There may be mentioned, among possible implementational modes which
make it possible to distribute the catalyst in the pulverulent
medium, the following:
forming a paste of a mixture of amino acid and of solid or liquid
"acid catalyst" with water (or any other volatile liquid diluant),
removing the water (or the diluent) by evaporation under vacuum or
at atmospheric pressure and then grinding the mass obtained;
dissolving the amino acid and solid or liquid "acid catalyst" in
water (or in any other dissolver of the amino acid and of the
catalyst), preferably while hot, and then atomizing the
solution;
atomizing a suspension of amino acid in a solution of solid or
liquid "acid catalyst" in water (or in any other dissolver of the
catalyst);
evaporating a solution of solid or liquid "acid catalyst" in water
(or in any other dissolver of the catalyst) on a fluidized bed of
amino acid;
cogrinding or micronizing a mixture of amino acid and of solid
"acid catalyst";
preparation of aspartic acid especially, by reaction of an organic
or inorganic acid and of ammonium aspartate, with incorporation, by
crystallization, of the solid "acid catalyst" during the operation
of precipitation of the aspartic acid.
The polyimide obtained according to the process of the invention
may, if necessary, be separated, filtered, purified and dried.
Depending on the nature of the "acid catalyst" and of the medium,
the catalyst may, if necessary, be separated from the polyimide by
washing with water or with the aid of a solvent for the said "acid
catalyst" which is not a solvent for the polyimide.

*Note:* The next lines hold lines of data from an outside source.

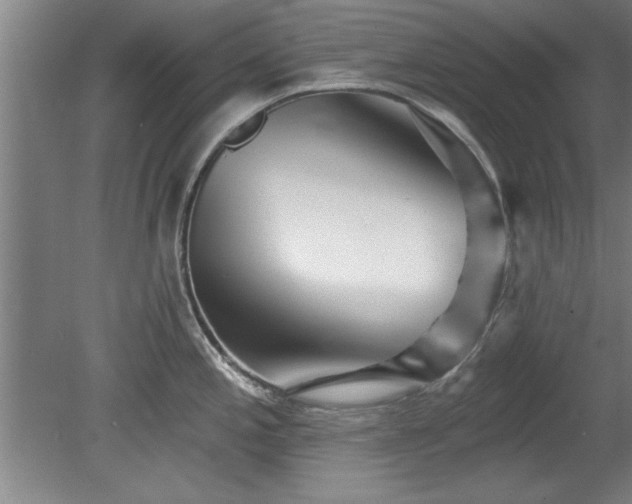 X0000078831197200611131115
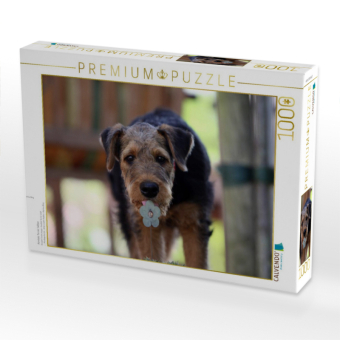 CALVENDO Puzzle Airedale Terrier Welpe | 1000 Teile Lege-Größe 64x48cm Foto-Puzzle für glückliche Stunden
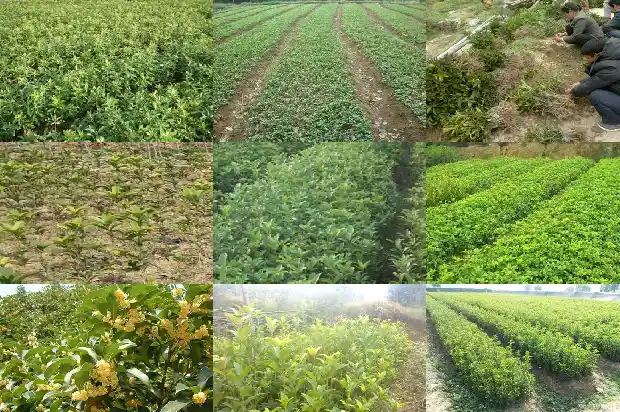 桂花树香味有毒吗?1682563785190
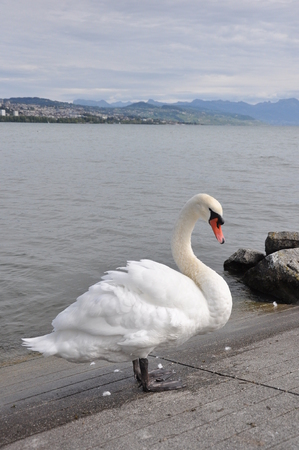 Swan, Lake Geneva, Switzerlandの写真素材
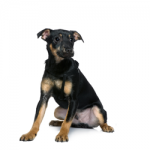 miniature-pinscher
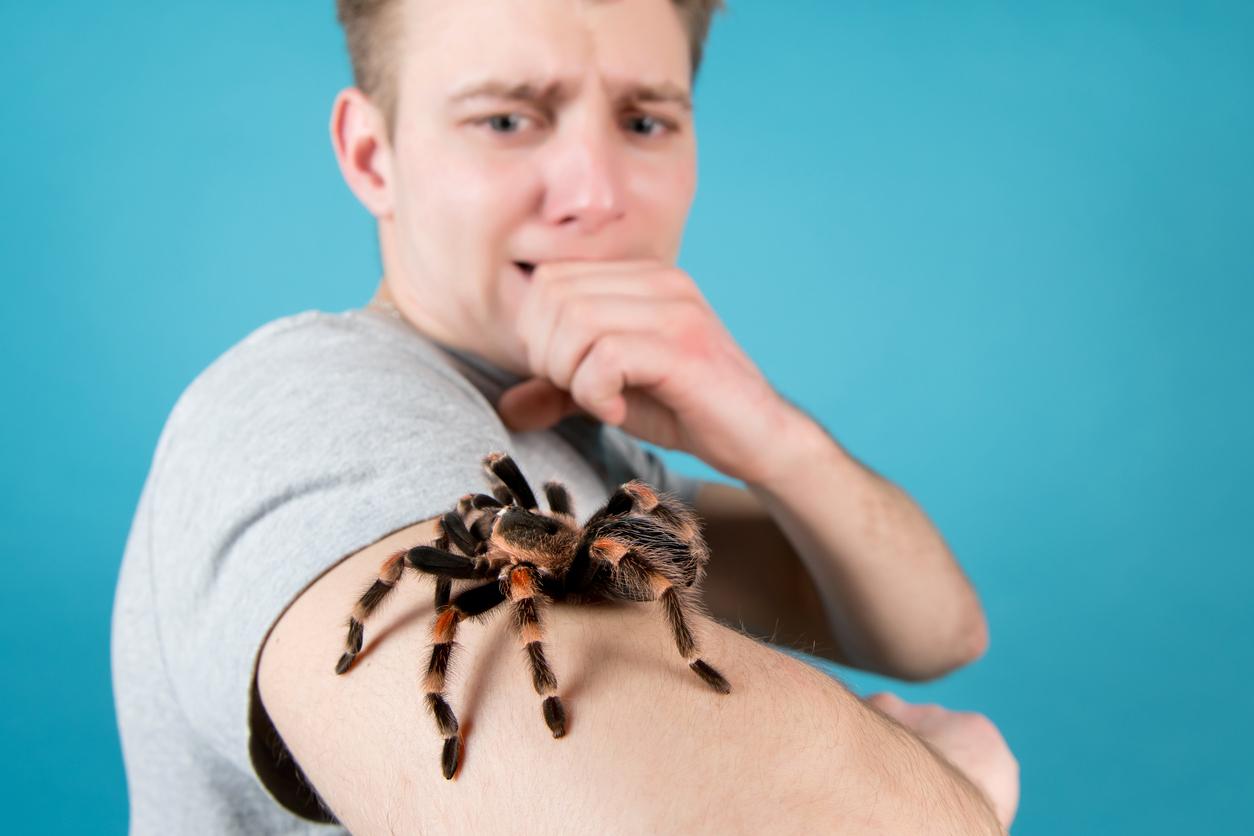 Public speaking, vacuums, spiders: these phobias activate different parts of the brain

The polyimide may be purified by dissolution with the aid of a
polar aprotic solvent (dimethylformamide, formamide, dimethyl
sulphoxide, etc.) followed by reprecipitation with the aid of a
compound which is not a solvent for the said polyimide (water,
ether, ethanol, acetone, etc.).
The polyimide obtained, which is separated out or otherwise, may
subsequently be hydrolysed, preferably by addition of a basic agent
(alkali metal base, alkaline-earth metal base, alkali metal
carbonate or alkaline-earth metal carbonate, etc.) if necessary in
the presence of water, and in a homogeneous or two-phase medium; in
the case of the polysuccinimide derived from aspartic acid, the
hydrolysate thus obtained consists of polyaspartate (of sodium for
example).
The acid form of the hydrolysate may, for example, be obtained by
neutralization of the salt obtained above by alkaline hydrolysis,
with the aid of an organic or inorganic acid (in particular HCl);
in the case of the polysuccinimide derived from aspartic acid, the
hydrolysate thus obtained consists of polyaspartic acid.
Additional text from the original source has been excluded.